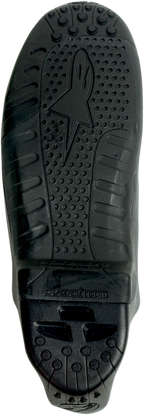 ALPINESTARS Tech 7 Replacement Boot Soles - Black - Size 8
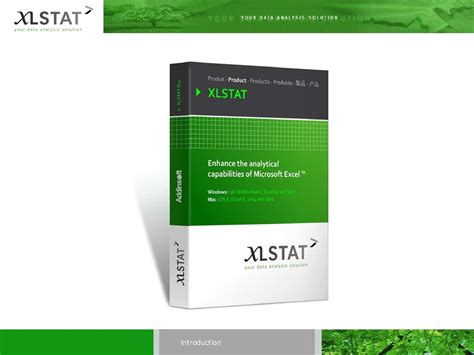 Calaméo XLSTAT Statistical Analysis Software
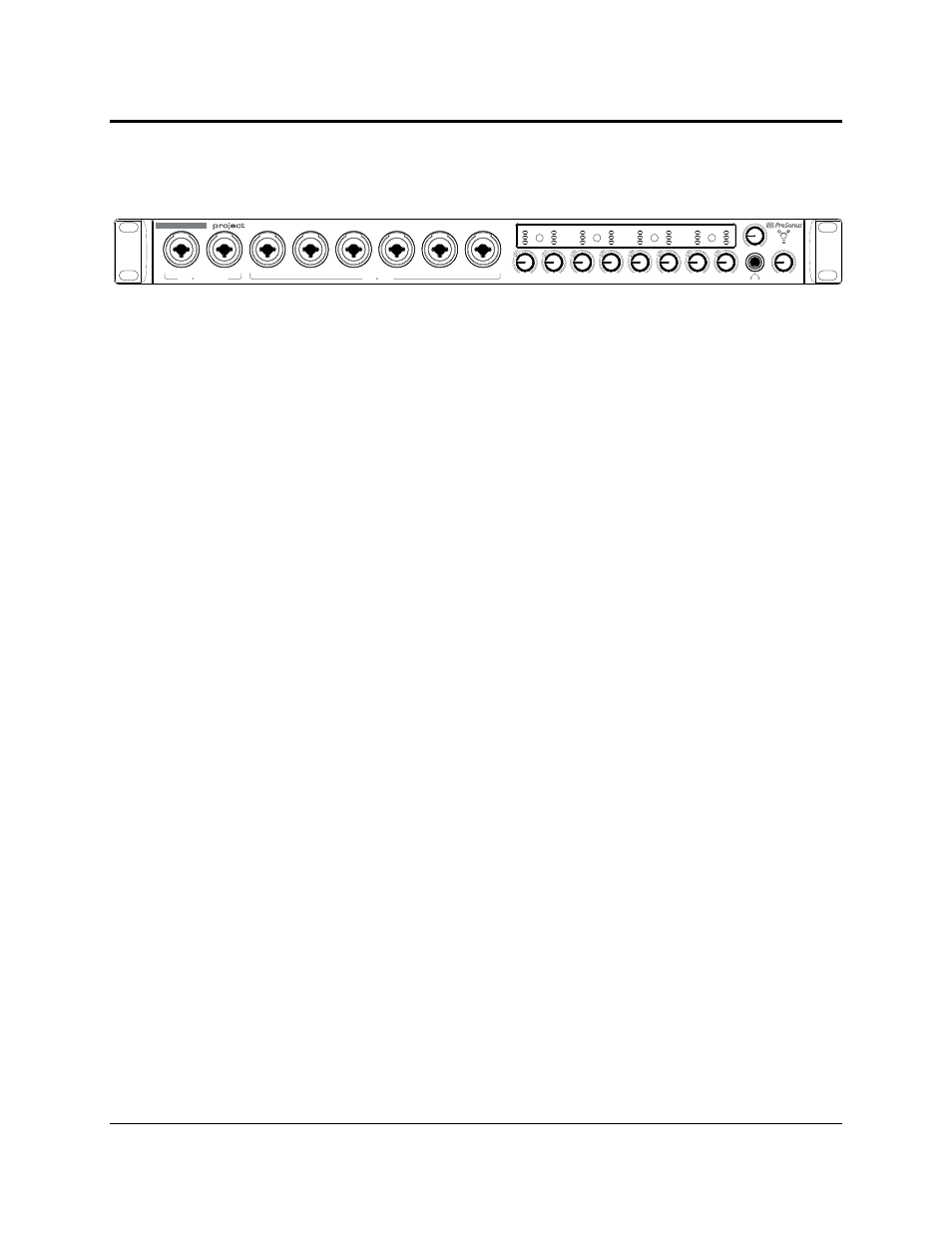 Overview, 1 introduction, Experts | Presonus Audio electronic Microphone Preamplifier User Manual | Page 5 / 30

> _INSTRUCTIONS FOR THE TASK_
Here the job is to print the data above exactly, except for any pictures.

> _ANSWER BELOW_
 ALPINESTARS Tech 7 Replacement Boot Soles - Black - Size 8
 Calaméo XLSTAT Statistical Analysis Software
 Overview, 1 introduction, Experts | Presonus Audio electronic Microphone Preamplifier User Manual | Page 5 / 30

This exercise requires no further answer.